HELL WEEK TURNS TURNS INTO A HELLISH VIEWING EXPERIENCE
★☆☆☆☆ (Kill It with Fire)
Director: Paul Ziller
1990
Those who directed and wrote Pledge Night want you to know that fraternities are torture chambers where young pledges could be forced to eat excrement by their future “brothers” at any given moment. The first, kill-free forty minutes are scene after scene of a hazing ritual the writer heard about somewhere and wants to show you in meticulous detail—it’s the movie version of mansplaining. Most of Pledge Night is nothing but information for people who wonder what happens beyond frat house doors, and none of it is interesting or funny. It’s Revenge of the Nerds meets Hostel, and believe me, it’s not as good as that sounds. This film full of errors and plot holes isn’t scary, but the idea that your teenage son would let a supposed friend force worms down his throat so he can join a fraternity is downright terrifying.

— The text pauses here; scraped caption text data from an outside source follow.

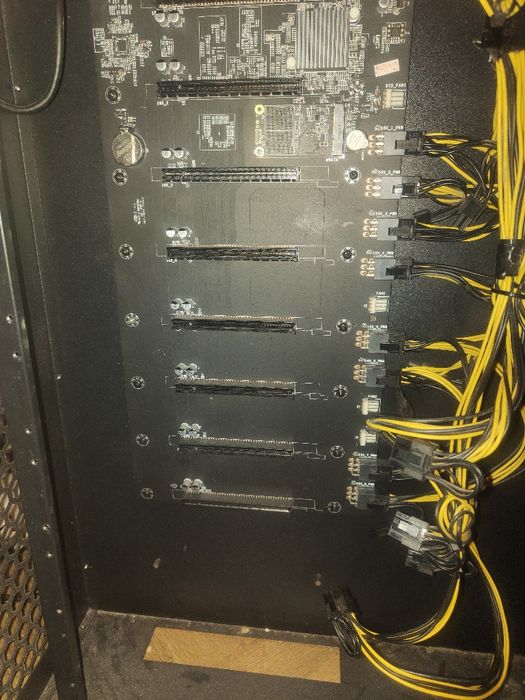 Koparka krypto na bazie PC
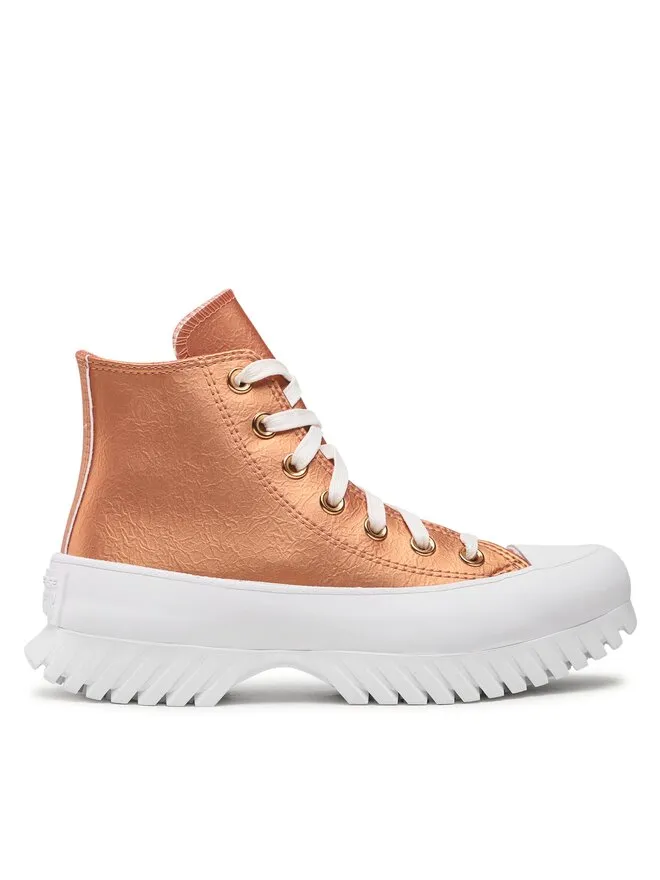 Converse Μποτάκια · Πορτοκαλί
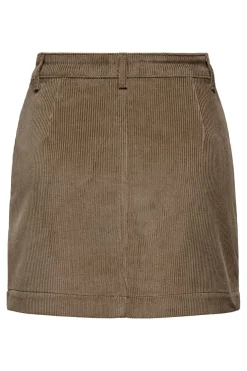 Onlamazing Global Cord Skirt*Only Sale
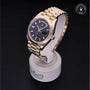 Rolex Certified Pre-owned Day-date M228238-0004 front on black background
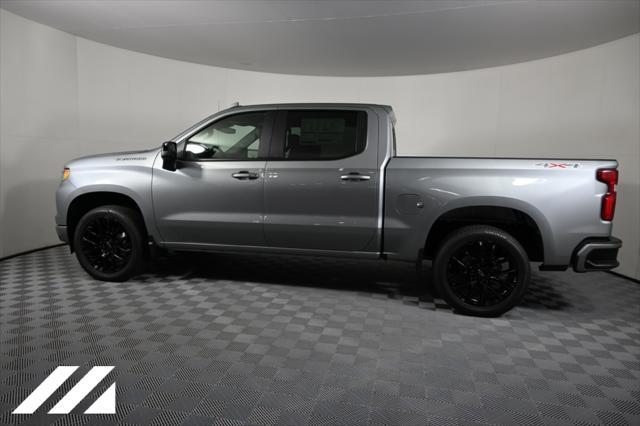 new 2024 Chevrolet Silverado 1500 car, priced at $59,530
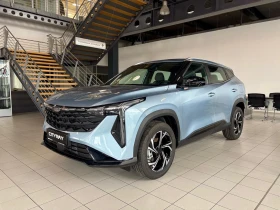 Geely Cityray 1.5T GK | Auto.bg — изображение 2
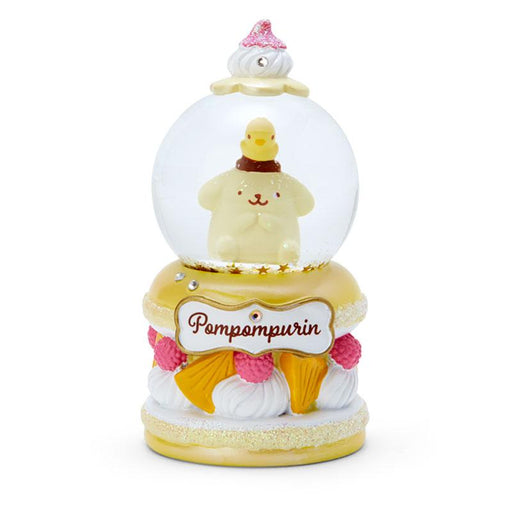 Sanrio Pompompurin Snow Globe S- Japan Figure Store - #1 Bring To You The Best Japanese Goods
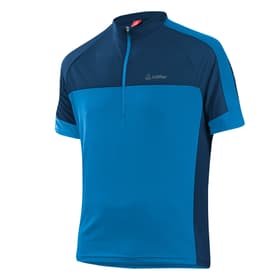 Löffler PACE Maillot à manches courtes pour homme PACE Maillot à manches courtes pour homme Löffler 461390205042 Taille 50 Couleur bleu azur Photo no. 1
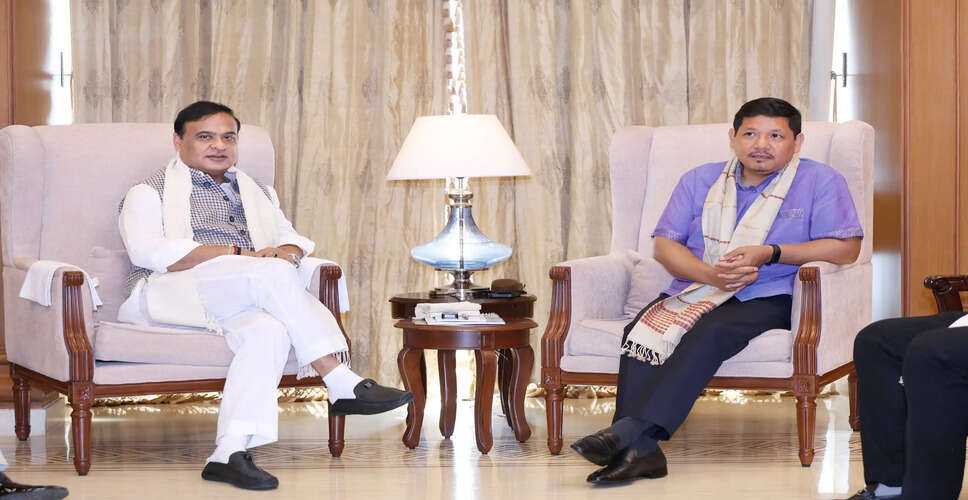 Assam and Meghalaya Boundary Talks: Next Steps Await Resolution of Initial Areas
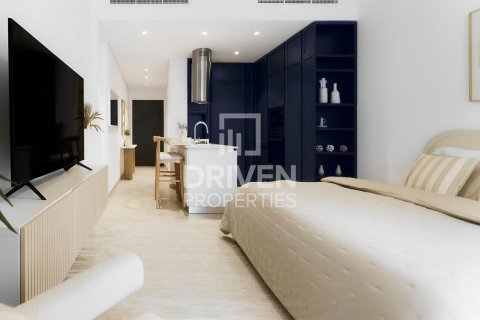 Dzīvoklis Mohammed Bin Rashid City, Dubaijā, AAE 1 istaba, 48.03 m2 Nr. 743153 - attēls 4
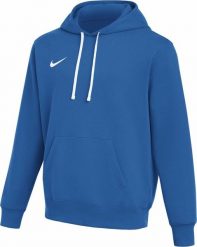 Bluza męska Nike Park 26 Fleece Hoodie niebieska IB1222 463 S. Niebieskie bluzy męskie Nike, m, bez wzorów, bez ramiączek, bez kaptura. Za 214.91 zł.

The movie opens with a young man getting tied to a tree and having eggs thrown on him by college students, and I could not tell you who this person was. Most of the male characters in this movie look alike, with one exception; as one potential frat brother is happy to point out to his disapproving mother, “We have a Black guy and a Jew!” Pledge Night keeps raising the bar of tastelessness without any of the humor that is required to dilute it. Something gross happens, next scene. Something gross happens, next scene. The older members throw a “Pig Party”, a contest where the brother who bangs the ugliest broad wins. Then morning arrives, as does another hazing ritual. Nothing is learned, nothing moves the story forward. The cast is a bevy of bad actors who probably worked for beer and pizza.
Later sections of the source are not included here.